It has been thought that wall thinning on the secondary side piping in nu-clear power plants is mostly caused by Flow-Accelerated Corrosion (FAC). Recently, it has been seen that wall thinning on the secondary side piping carrying two-phase flow is caused by not only FAC but also Liquid Droplet Impingement Erosion (LDIE). Moreover, it turns out that LDIE in nuclear power plants does not result from a single degradation mechanism but also from the simultaneous happenings of LDIE and FAC. This paper presents a comparison of the mass loss rate of the tested materials between carbon steel (A106 B) and low alloy steel (A335 P22) resulting from degradation effect. An experimental facility was set up to develop a prediction model for clarifying multiple degradation mechanisms that occur together. The experimental facility allows examining liquid droplet impingement erosion in the same conditions as the secondary side piping in nuclear power plants by generating the magnetite on the surface of the test materials. The magnetite is formed by controlling the water chemistry and the temperature of fluid inside the facility. In the initial stage of the experiments, the mass loss rate of A106 B was greater than that of A335 P22. However, after a certain period of time, the mass loss rate of A335 P22 became greater than that of A106 B. It is presumed that the results are caused by the different yield strengths of the test materials and the different degrees of buffer action of the magnetite deposited on their surfaces. The layer of magnetite on the surface of A106 is thicker than that of A335 P22, due to the different amount of chrome content. In nuclear power plants, carbon steel piping having experienced wall thinning degradation is generally replaced with low-alloy steel piping. However, the materials of pipes carrying two-phase flow should be selected considering their susceptibility to LDIE.

1. Introduction

It has been thought that the wall thinning on the secondary side piping in nuclear power plants is mostly caused by FAC. Recently it has been found that the wall thinning on the secondary side piping carrying two-phase flow is caused by not only FAC but also LDIE. Recently, damage caused by LDIE in South Korea consists of leakage from the vent header connected to the high pressure feed water heater in Wolsong Unit 1 (2008) [1] , leakage from the branch line connected to the high pressure turbine in Hanul Unit 2 (2010), and leakage from the end cap connected to the reheater vent line in Hanbit unit 2 (2011) [2] . In all of these cases, magnetite was formed on the surface of the damaged piping, and the surface was pitted with pockmarks.

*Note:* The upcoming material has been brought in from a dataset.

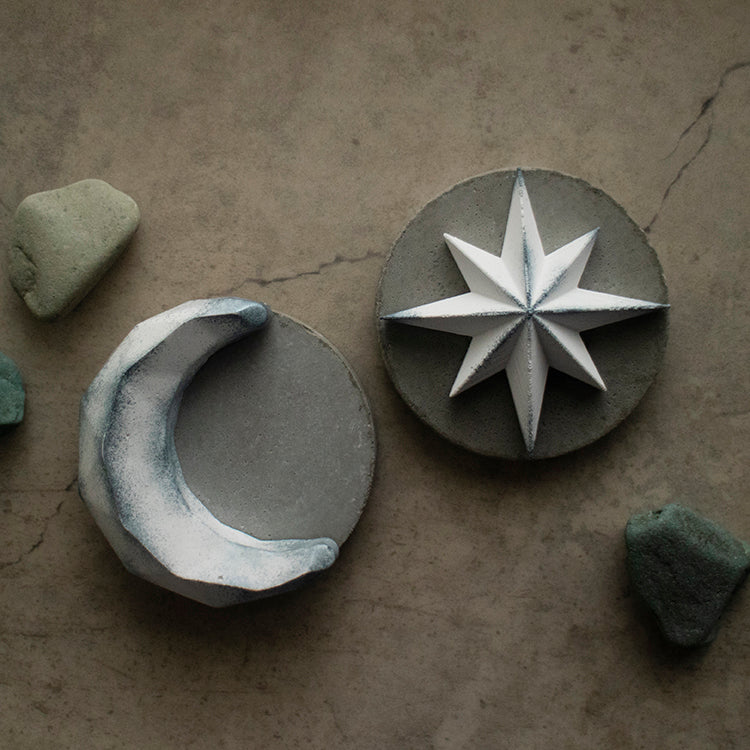 stardust stone | 星屑のアロマストーン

The theoretical models, which can predict LDIE damages, are the Sanchez- Caldera model [3] of the Massachusetts Institute of Technology (MIT), and the Heymann model [4] of Westinghouse. In addition, several papers related to LDIE have been published [5] [6] [7] . Magnetite is formed on the surface of carbon steel piping in two-phase flow systems in nuclear power plants. In these systems, steam flows through the center of the pipe and liquid flows in the form of water film along the pipe wall. The liquid on the pipe wall is changed into the droplets when the shear stress is greater than the surface tension at the interface of each phase, and the droplets are accelerated due to the steam flow. When droplets collide with the pipe wall, LDIE damages occur. Therefore, the wall thinning of the piping is affected by multiple degradation mechanisms, i.e., FAC and LDIE. FAC is caused by water flowing on the inside surface of the pipes, while LDIE is caused by liquid droplets colliding with the pipe wall. However, the previous LDIE prediction models did not consider the multiple degradation mechanisms, and also did not consider some key factors among droplet size, impact frequency, impact angle, hardness of the material, etc.

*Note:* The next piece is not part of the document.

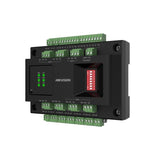 EAN 6942160449203 - Hikvision DS-K2M002X controlador de seguridad de la puerta Desnudo 2 puerta(s) RS-485 imagen 1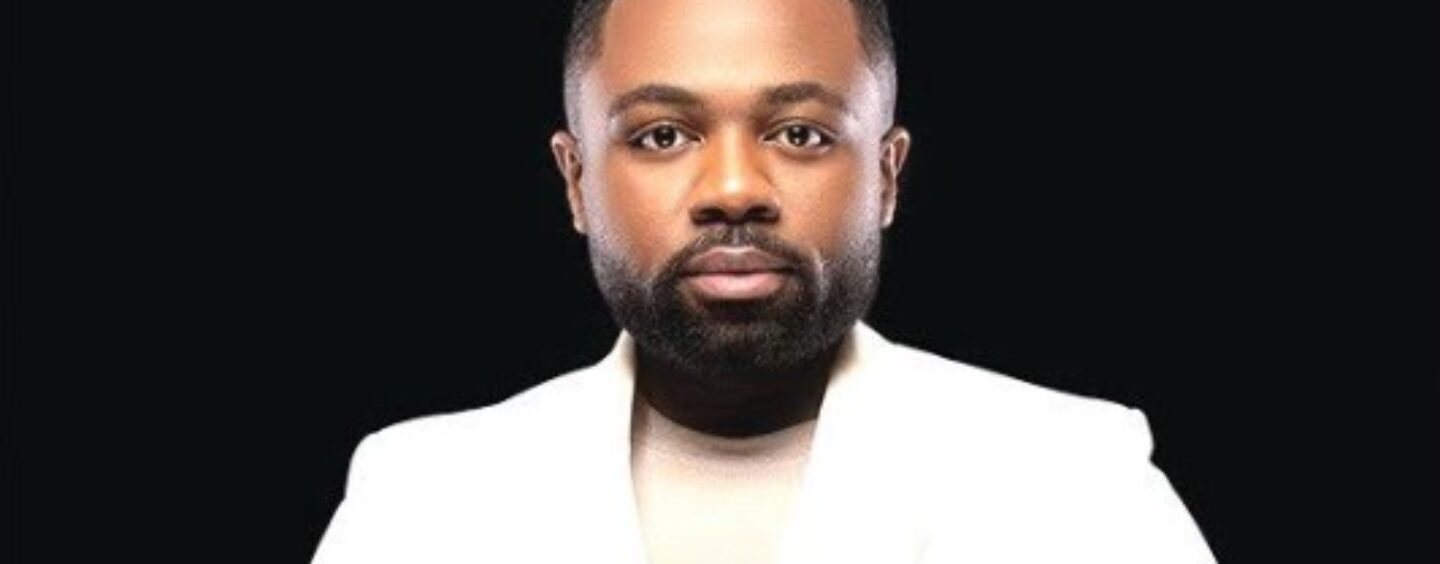 Youngest Black Developer and CEO Leads $300M Project in Savannah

Therefore, in this study, an experimental facility was set up to develop predictive models for the multiple degradations of FAC and LDIE occurring in carbon steel piping. The experimental facility consists of water treatment equipment which can generate magnetite on the materials by adjusting amine concentration, pH, and dissolved oxygen, and a rotating disk-and-droplet repetitive impact apparatus for liquid droplet impingement tests. The test materials were carbon steel (A106 B) and low-alloy steel (A335 P22), which are widely used in the secondary system of nuclear power plants.

2. Influential Factors to FAC and LDIE

FAC is associated with mass transfer and dissolution of the magnetite which is formed on the surface of carbon steel piping under the operating conditions of high-temperature and high-pressure. On the other hand, LDIE results from the shock wave of high-pressure caused by high-speed collision of droplets to the surface of piping and the spreading water jet with radial shape by droplet disruption.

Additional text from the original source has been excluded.